- WHAT IS EXPECTED
Write every record below out exactly; no images.

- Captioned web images
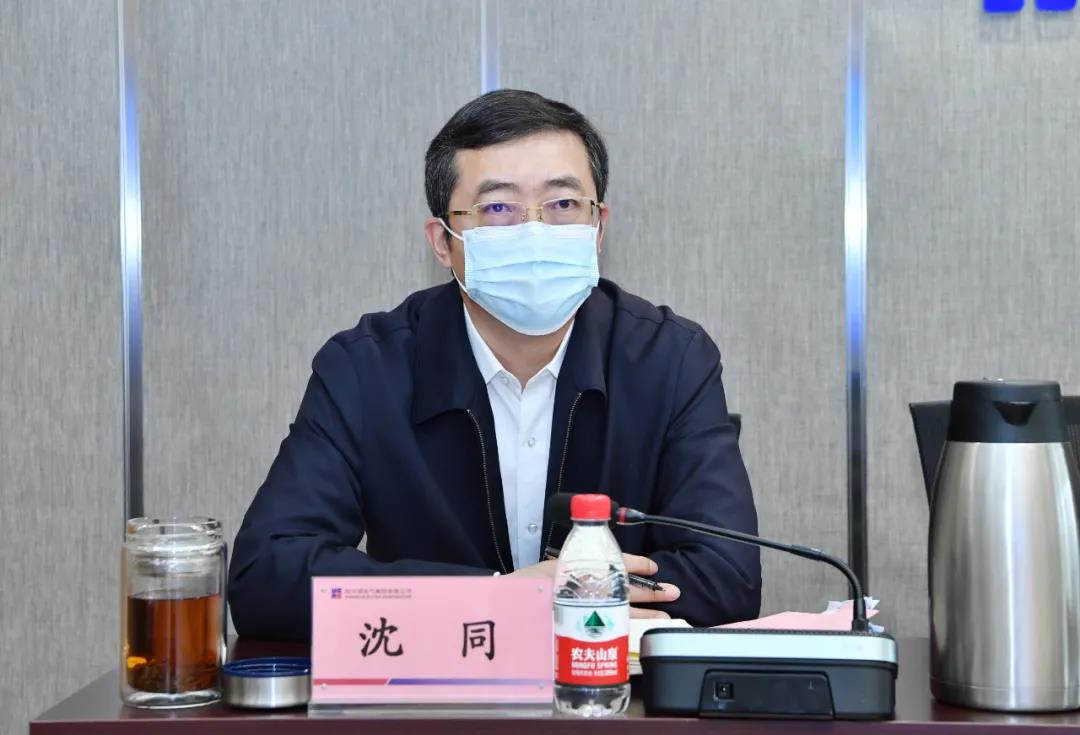 J9集团国际(中国)-官方网站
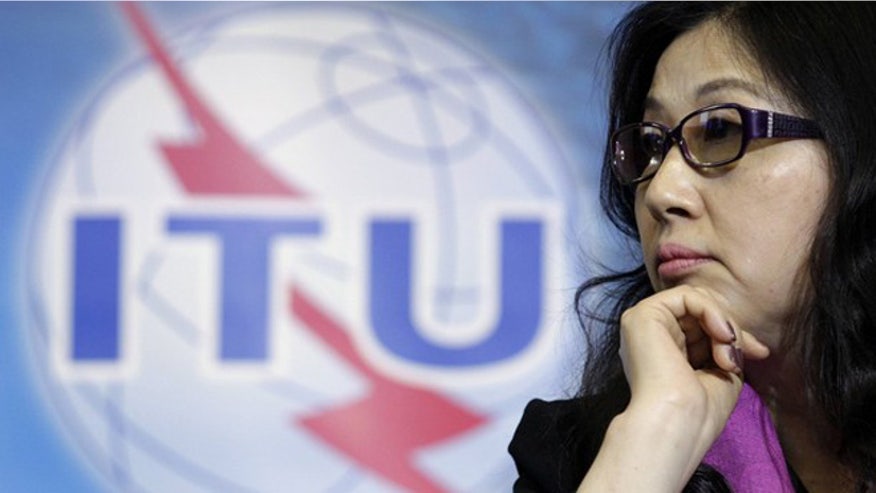 ITU logo.jpg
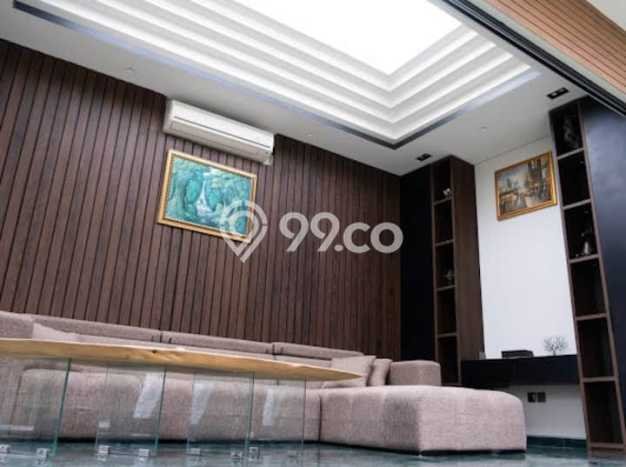 Peluang Langka! Vila di , Ukuran 300m2m², Area Berkembang dengan potensi naik Peluang Langka! Vila di , Ukuran 300m2m², Area Berkembang dengan potensi naik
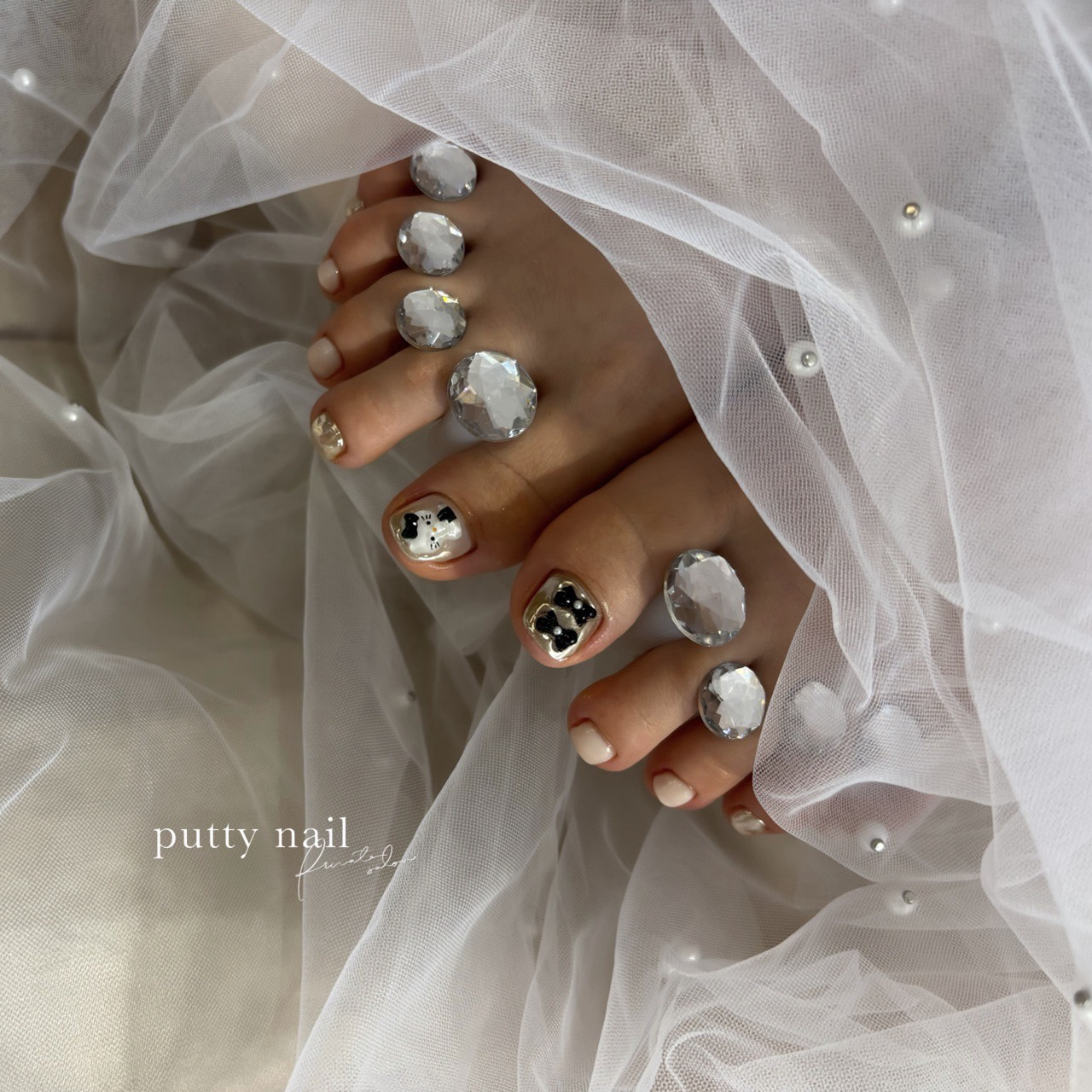 puttynail_h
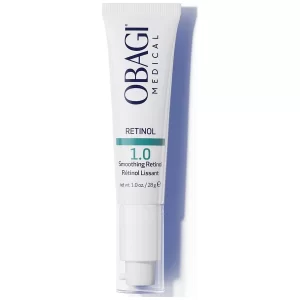 Obagi Retinol 1.0 - 30ml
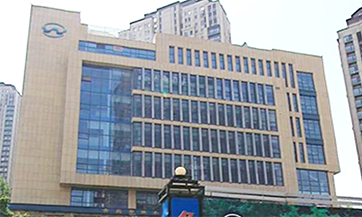 選擇創(chuàng)先科技，售后無憂！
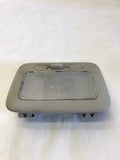 2015 MITSUBISHI MIRAGE Rear Back Ceiling Overhead Roof Dome Light Lamp G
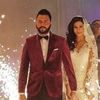 Caner'den 'şiddet' iddialarına yanıt Caner'den 'şiddet' iddialarına yanıt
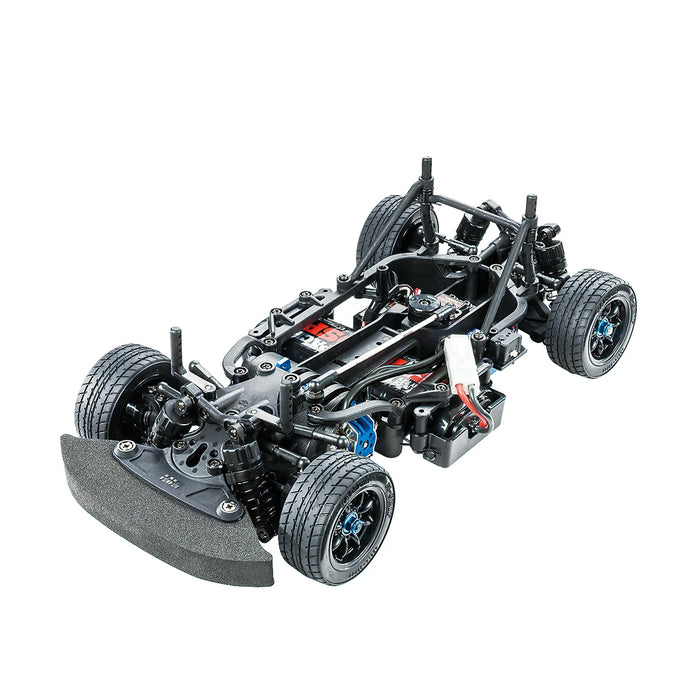 Tamiya M-07 Concept Chassis Kit - 58647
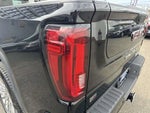 2019 Sierra 1500 Thumbnail 2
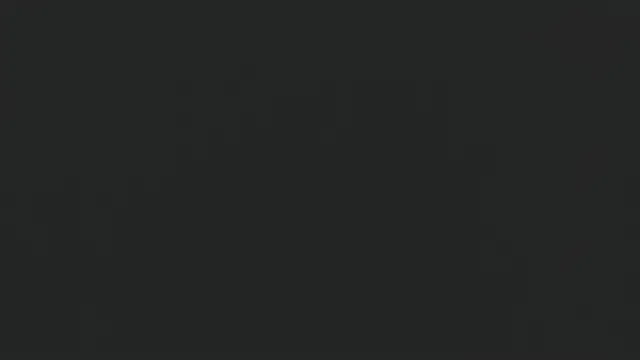 andylemonda1 online show from 11/11/25, 03:56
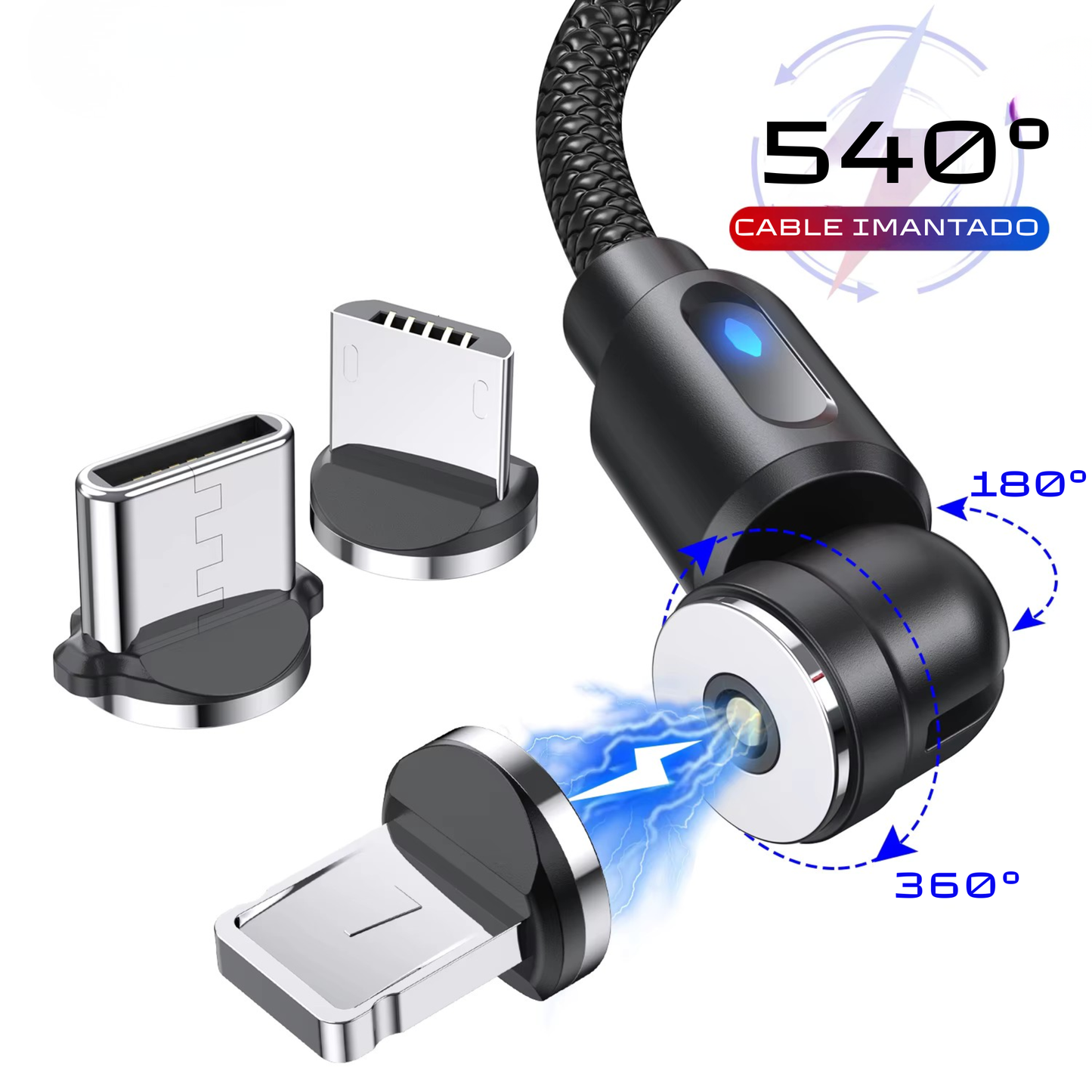 Maglink Pro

- ANSWER TO THIS EXERCISE
 J9集团国际(中国)-官方网站
 ITU logo.jpg
 Peluang Langka! Vila di , Ukuran 300m2m², Area Berkembang dengan potensi naik Peluang Langka! Vila di , Ukuran 300m2m², Area Berkembang dengan potensi naik
 puttynail_h
 Obagi Retinol 1.0 - 30ml
 選擇創(chuàng)先科技，售后無憂！
 2015 MITSUBISHI MIRAGE Rear Back Ceiling Overhead Roof Dome Light Lamp G
 Caner'den 'şiddet' iddialarına yanıt Caner'den 'şiddet' iddialarına yanıt
 Tamiya M-07 Concept Chassis Kit - 58647
 2019 Sierra 1500 Thumbnail 2
 andylemonda1 online show from 11/11/25, 03:56
 Maglink Pro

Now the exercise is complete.